"Aucun parti n’ose dire qu’il faut prolonger le nucléaire" On n’a pas trouvé mieux que le nucléaire pour produire de l’électricité sans trop polluer

, par Christophe Juppin

Christophe De Beukelaer est député bruxellois. Il pilote la réflexion du CDH sur la thématique énergie/climat. Selon lui, une prolongation de deux ou trois réacteurs nucléaires est indispensable. Il demande à Marie-Christine Marghem d’avancer sur le système de soutien à de nouvelles capacités. "Aucun parti n’ose dire qu’il faut prolonger le nucléaire. [...] En tant que pragmatique, je suis favorable à la solution la moins carbonée"

Christophe De Beukelaer est député bruxellois. Il pilote la réflexion du parti politique belge CDH (Centre démocrate humaniste) sur la thématique énergie/climat dans le cadre de la refonte du parti. L’ancien échevin de Woluwe-Saint-Pierre souhaite tirer la sonnette d’alarme au sujet de notre politique énergétique.

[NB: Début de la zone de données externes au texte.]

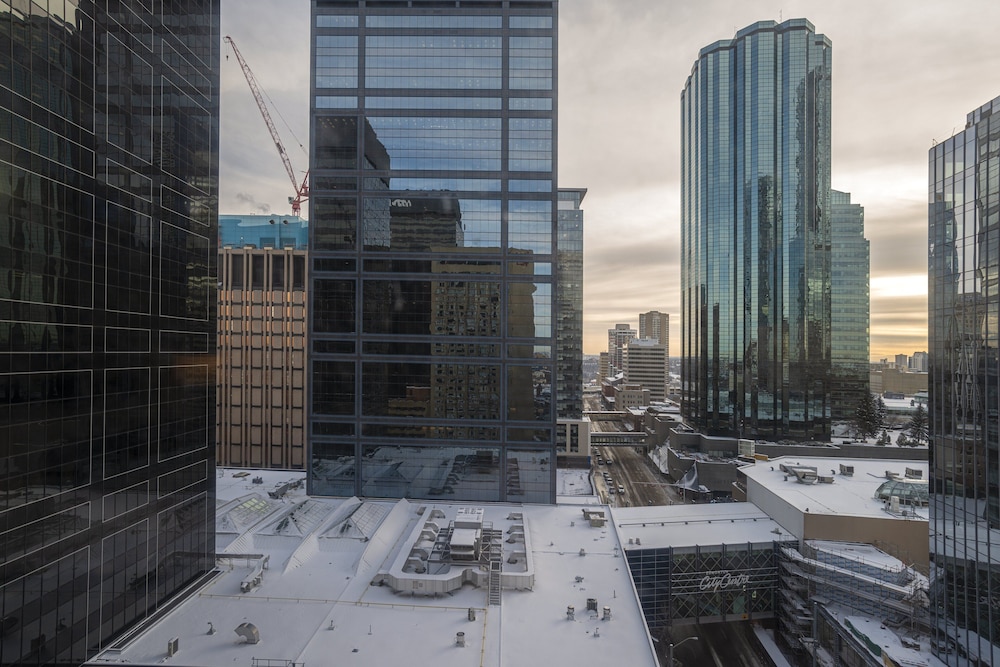 Sandman Signature Edmonton Downtown Hotel 20/46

Selon lui, on risque de se retrouver face à un gros problème d’approvisionnement en électricité à l’horizon 2025. Une prolongation de deux ou trois réacteurs nucléaires est indispensable. Il demande à la Ministre de l’Énergie du Gouvernement fédéral Belge Marie-Christine Marghem d’avancer sur le système de soutien à de nouvelles capacités.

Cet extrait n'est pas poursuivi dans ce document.